Using the metadata builder to guide an analysis

As we’ve been releasing new resources for interacting with the TCP files, one of the questions that keeps coming up is “This is great, but what are we supposed to do with this stuff?” In this blog post I’m going to show how you can use the Core 1660 Drama corpus (from our Early Modern Drama collection) and the Metadata Builder to look at plays which didn’t explicitly involve Shakespeare as an author. I also wanted to cover a range of genre classifications (by any measure of genre), and were a manage size.
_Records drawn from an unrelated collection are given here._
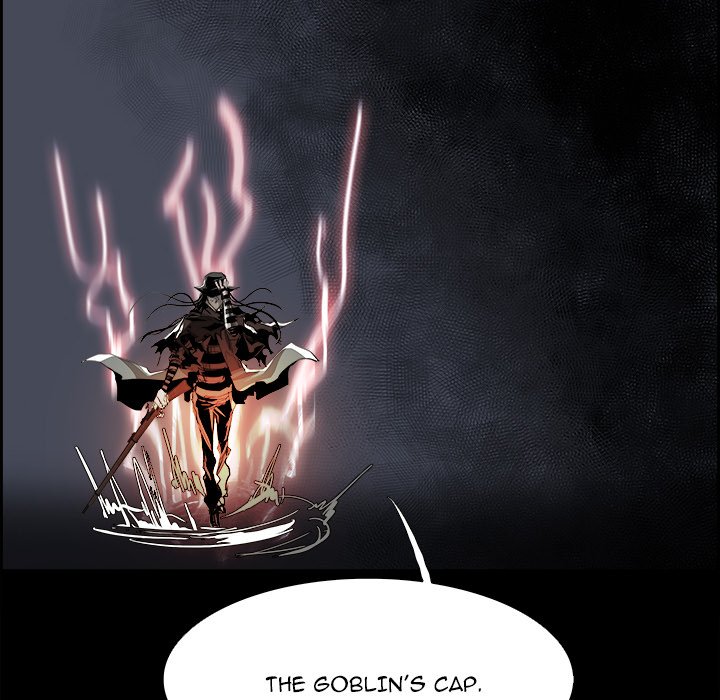 Read Warble (en) Manga Online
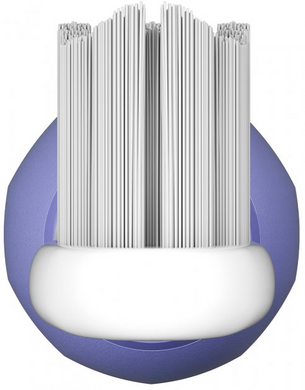 Електрична зубна щітка Oclean Endurance Color Edition Purple
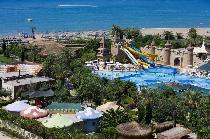 BELEK BEACH RESORT HOTEL
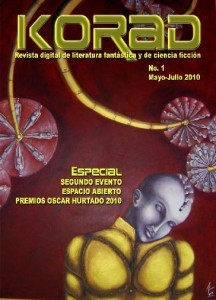 Revista Korad 1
Using the Metadata Builder, I have the option to collect a variety of metadata from the master spreadsheet associated with the Core Drama corpus. As I want to study the texts freely available as part of the TCP, I select the ‘Unrestricted’ option in Step 1 rather than ‘All’. In this particular case, I am interested in play companies, so I want to ensure I get metadata which will supplement and guide my analysis of play companies. Therefore, I select the following categories in Step 2: TCP, ESTC, Wiggins Number, Author 1, Authors 2-5, Title, Genre, Wiggins Genre, DEEP Genre, Harbage Genre, Wiggins Contemporary Genre, Date of Writing, Date of first performance, Play Company 1, Play Company 2, and Theatre [1]. I could have downloaded more metadata, but these categories seemed most suited to guide an analysis of one particular play company. Looking at the metadata spreadsheet and paying specific attention to the Play Company 1 category, I settled on the Admiral’s Men, as it is inclusive of a diverse range of authors (including Munday, Dekker, Marlowe, Chapman and Peele) while remaining a manageable size (21 plays).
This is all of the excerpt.